مرکز منطقه ای اطلاع رساني علوم و فناوري - A bound on limit cycles in digital filters which exploits a particular structural property of the quantization

Abstract :

This paper presents an improved upper bound on the rms value of self-sustained limit cycles due to quantization in those implementations of digital filter sections where the quantization possesses a particular structural property. This structural property exists whenever the design utilizes a single quantizer, with the quantizer function restricted to the sector bounded by the 45° line and the horizontal axis. An important example of a case where this property exists is quantization by a single magnitude-truncation quantizer.
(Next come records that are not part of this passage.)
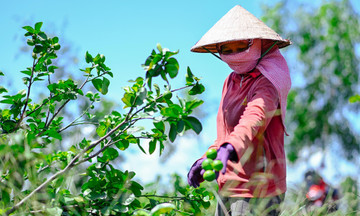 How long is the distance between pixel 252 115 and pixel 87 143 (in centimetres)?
99

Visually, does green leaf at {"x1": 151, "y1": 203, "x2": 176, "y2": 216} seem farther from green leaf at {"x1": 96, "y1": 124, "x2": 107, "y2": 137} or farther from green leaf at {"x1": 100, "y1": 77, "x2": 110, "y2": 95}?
green leaf at {"x1": 100, "y1": 77, "x2": 110, "y2": 95}

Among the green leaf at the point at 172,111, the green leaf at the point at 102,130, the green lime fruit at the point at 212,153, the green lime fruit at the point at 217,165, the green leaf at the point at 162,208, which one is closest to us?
the green leaf at the point at 162,208

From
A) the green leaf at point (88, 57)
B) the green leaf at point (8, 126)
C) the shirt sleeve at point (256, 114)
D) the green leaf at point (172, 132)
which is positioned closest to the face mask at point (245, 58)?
the shirt sleeve at point (256, 114)

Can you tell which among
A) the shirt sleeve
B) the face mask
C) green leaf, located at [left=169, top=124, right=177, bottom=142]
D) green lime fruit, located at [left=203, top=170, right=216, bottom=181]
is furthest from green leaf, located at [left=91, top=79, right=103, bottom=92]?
green lime fruit, located at [left=203, top=170, right=216, bottom=181]

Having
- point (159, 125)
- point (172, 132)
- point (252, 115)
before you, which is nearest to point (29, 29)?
point (159, 125)

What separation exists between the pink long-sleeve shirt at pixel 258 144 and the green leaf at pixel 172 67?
368 millimetres

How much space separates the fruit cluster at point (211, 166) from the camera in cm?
206

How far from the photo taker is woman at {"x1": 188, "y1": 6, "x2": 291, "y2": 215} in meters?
2.39

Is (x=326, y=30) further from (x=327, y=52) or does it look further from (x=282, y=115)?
(x=282, y=115)

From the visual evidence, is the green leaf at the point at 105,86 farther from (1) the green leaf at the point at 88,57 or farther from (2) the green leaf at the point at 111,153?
(2) the green leaf at the point at 111,153

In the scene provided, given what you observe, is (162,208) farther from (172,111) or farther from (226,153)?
(172,111)

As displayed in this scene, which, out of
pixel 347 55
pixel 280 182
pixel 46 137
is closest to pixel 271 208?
pixel 280 182

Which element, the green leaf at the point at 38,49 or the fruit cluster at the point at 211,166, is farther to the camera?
the green leaf at the point at 38,49

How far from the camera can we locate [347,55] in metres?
14.2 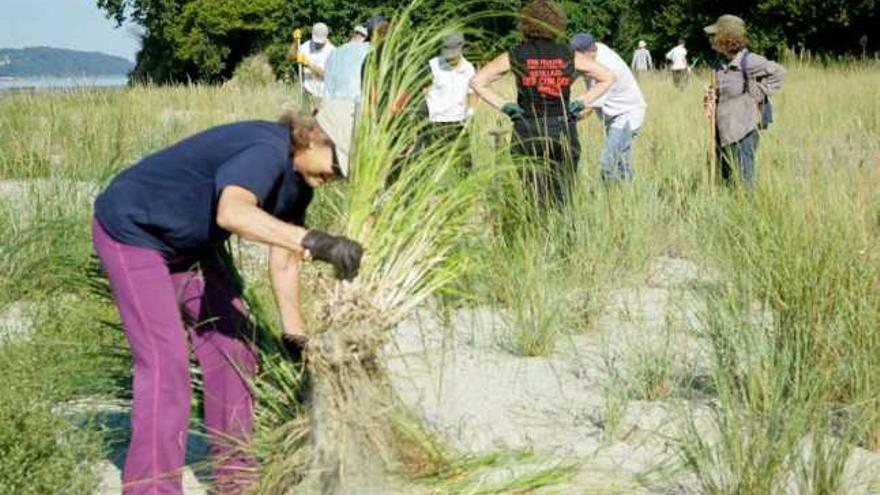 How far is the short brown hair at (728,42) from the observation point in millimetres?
8203

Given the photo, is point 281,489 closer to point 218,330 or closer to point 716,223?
point 218,330

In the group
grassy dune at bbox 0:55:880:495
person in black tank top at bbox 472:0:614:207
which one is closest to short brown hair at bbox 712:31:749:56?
grassy dune at bbox 0:55:880:495

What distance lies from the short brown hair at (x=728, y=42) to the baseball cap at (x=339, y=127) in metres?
4.95

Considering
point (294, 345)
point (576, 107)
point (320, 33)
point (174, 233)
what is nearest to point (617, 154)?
point (576, 107)

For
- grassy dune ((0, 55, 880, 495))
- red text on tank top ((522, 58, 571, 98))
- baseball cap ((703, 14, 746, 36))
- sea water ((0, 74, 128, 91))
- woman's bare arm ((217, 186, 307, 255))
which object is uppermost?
baseball cap ((703, 14, 746, 36))

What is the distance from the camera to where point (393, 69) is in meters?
4.13

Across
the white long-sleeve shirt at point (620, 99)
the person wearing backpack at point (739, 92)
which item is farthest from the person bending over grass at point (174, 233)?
the white long-sleeve shirt at point (620, 99)

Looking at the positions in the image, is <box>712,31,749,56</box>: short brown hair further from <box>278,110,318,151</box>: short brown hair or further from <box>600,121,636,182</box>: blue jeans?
<box>278,110,318,151</box>: short brown hair

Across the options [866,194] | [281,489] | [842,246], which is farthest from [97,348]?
[866,194]

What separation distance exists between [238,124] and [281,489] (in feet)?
3.57

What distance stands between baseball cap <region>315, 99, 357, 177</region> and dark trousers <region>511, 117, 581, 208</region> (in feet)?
10.5

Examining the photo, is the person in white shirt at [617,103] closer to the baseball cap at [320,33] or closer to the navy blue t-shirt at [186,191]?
the baseball cap at [320,33]

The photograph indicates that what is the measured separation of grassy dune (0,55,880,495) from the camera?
151 inches

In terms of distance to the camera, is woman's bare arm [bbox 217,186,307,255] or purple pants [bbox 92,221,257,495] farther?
purple pants [bbox 92,221,257,495] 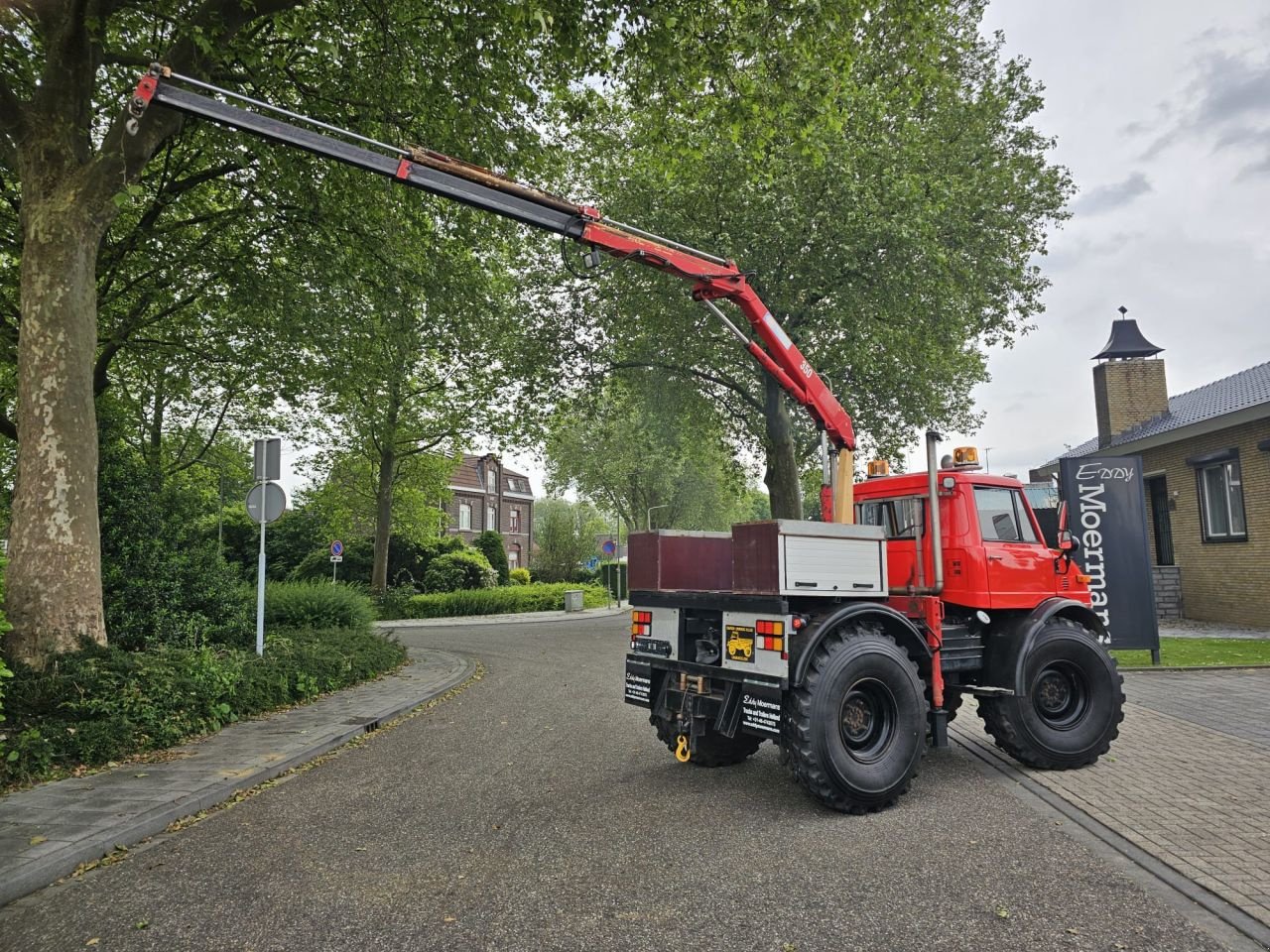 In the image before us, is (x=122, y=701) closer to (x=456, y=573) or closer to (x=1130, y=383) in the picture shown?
(x=1130, y=383)

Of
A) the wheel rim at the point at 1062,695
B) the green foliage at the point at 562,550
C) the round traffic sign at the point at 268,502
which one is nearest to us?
the wheel rim at the point at 1062,695

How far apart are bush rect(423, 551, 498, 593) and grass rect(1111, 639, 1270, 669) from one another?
22262mm

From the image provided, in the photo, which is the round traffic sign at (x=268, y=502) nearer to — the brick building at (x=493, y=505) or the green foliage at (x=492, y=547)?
the green foliage at (x=492, y=547)

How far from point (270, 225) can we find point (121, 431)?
142 inches

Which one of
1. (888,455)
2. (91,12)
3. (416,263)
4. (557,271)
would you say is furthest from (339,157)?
(888,455)

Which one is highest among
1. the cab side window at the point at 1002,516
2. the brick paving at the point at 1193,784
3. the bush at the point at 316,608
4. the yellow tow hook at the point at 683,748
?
the cab side window at the point at 1002,516

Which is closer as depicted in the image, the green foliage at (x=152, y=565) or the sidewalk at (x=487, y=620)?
the green foliage at (x=152, y=565)

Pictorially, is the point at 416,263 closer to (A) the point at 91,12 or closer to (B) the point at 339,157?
(A) the point at 91,12

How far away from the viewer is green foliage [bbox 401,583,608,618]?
86.8 feet

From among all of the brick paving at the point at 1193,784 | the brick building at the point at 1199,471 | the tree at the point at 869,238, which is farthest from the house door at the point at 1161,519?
the brick paving at the point at 1193,784

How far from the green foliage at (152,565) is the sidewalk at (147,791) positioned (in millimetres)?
1733

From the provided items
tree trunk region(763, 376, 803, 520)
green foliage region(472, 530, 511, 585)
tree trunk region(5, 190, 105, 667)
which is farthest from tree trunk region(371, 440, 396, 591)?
tree trunk region(5, 190, 105, 667)

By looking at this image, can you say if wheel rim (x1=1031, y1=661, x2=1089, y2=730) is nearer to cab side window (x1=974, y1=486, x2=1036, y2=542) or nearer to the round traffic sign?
cab side window (x1=974, y1=486, x2=1036, y2=542)

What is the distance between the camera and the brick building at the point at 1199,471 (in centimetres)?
1559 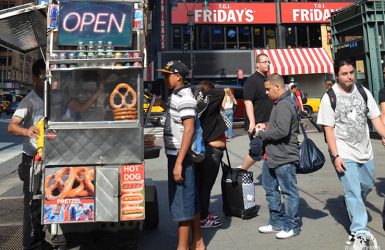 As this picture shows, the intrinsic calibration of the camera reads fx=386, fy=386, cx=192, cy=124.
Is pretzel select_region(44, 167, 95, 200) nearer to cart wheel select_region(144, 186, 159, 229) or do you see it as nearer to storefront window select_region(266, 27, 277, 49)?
cart wheel select_region(144, 186, 159, 229)

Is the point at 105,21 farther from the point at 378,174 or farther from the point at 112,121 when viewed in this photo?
the point at 378,174

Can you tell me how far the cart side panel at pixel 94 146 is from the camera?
3.29 metres

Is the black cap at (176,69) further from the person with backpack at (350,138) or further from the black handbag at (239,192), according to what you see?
the black handbag at (239,192)

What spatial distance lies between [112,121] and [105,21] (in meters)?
0.91

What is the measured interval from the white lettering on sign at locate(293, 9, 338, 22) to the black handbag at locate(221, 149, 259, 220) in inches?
1053

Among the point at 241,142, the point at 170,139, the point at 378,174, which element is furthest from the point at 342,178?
the point at 241,142

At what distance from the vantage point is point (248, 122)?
18.4ft

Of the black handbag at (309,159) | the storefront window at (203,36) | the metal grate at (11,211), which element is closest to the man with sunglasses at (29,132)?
the metal grate at (11,211)

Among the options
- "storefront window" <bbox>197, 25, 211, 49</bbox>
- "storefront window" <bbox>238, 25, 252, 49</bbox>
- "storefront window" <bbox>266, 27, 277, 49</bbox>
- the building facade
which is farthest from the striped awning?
"storefront window" <bbox>197, 25, 211, 49</bbox>

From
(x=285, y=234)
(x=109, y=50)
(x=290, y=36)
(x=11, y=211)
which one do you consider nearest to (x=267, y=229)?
(x=285, y=234)

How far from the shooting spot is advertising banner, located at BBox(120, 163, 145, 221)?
129 inches

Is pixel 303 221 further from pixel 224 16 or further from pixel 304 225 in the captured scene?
pixel 224 16

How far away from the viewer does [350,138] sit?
3918mm

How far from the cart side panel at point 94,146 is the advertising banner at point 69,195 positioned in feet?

The main result is a closed form bound for the important case of second-order sections. The bound also has the following geometrical interpretation. For given filter feedback coefficients $a$ and $b$ , define the complex function $\\lambda (\\psi) = 1 - ae^{-i\\psi} - be^{-2i\\psi}$ and consider the "Nyquist locus" of points obtained in the complex plane by allowing $\\psi$ to range over $[0, 2\\pi]$ . The bound states that if the locus has no intersection with the Im- $\\lambda$ axis, then limit cycles do not exist. If an intersection exists, then limit cycles may exist and the rms bound is the inverse of the distance from the origin to the nearest point of intersection. It is proven that the bound given here always improves on the Sandberg-Kaiser bound.